Public Employee Press
Media Beat: Book Review
Book says loss of union power since the 1970s can be reversed
As we search for ways to reverse the union decline of recent years, Sheila Cohen’s new book reminds us of the period from 1968 through the mid-1970s, when a wave of militant strikes won important gains in Britain and the United States.
Remember the 1965 welfare strike here in New York, the 1968 Memphis sanitation workers strike or the U.S. postal workers strike in 1970? In these public sector strikes, workers fought in unconventional ways and emerged victorious.
Powerful picket line unity let the welfare workers break the mold of limited bargaining for public employees and negotiate on a range of public policy issues.
In Memphis, the workers allied with the African American community, and the strike became part of the city’s civil rights movement.
In the postal strike, a local wildcat spread nationwide in defiance of federal law and leadership desires. National rank-and-file-opposition caucuses, community ties and grassroots militancy propelled this broad labor offensive.
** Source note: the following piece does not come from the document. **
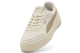 PUMA Carina Mia SD (402638 01) beige 6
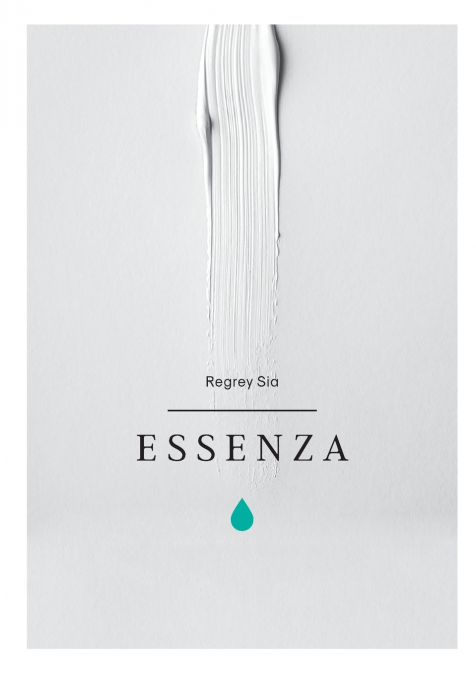 Essenza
In England, thousands of Birmingham workers walked off their jobs in 1972 to join a coal miners’ picket line at Saltley Gates. Britain’s huge strike wave ofthe early ’70s convinced even Conservative Party pundits that a revolution was coming.
Instead, the workers got a Labor Party government that some argue was not much better than the Conservatives.
Then came Reagan here and Thatcher in Britain, making union-busting into government policy. They beat down the working class until concessionary bargaining became the norm and the right to strike seemed like the right to commit suicide.
In “Ramparts of Resistance: Why Workers Lost Their Power and How to Get It Back,” Cohen surveys this dismal landscape. The $24.95 paperback, which is in the DC 37 Education Fund Library in Room 211, analyzes the few victories, such as the United Parcel Service strike, and the long line of defeats, including the LocalP-9 strike at the Hormel Co., the Caterpillar and Staley strikes in Decatur, Illinois, and the Detroit newspaper strike.
Cohen argues that many defeats came not only because of the fierce and unrelenting employer offensive, but also because the workers’ national unions and the rest of the labor movement failed to organize effective solidarity. By this she means solidarity beyond words and money such as militant and even law-breaking actions that can make a real difference.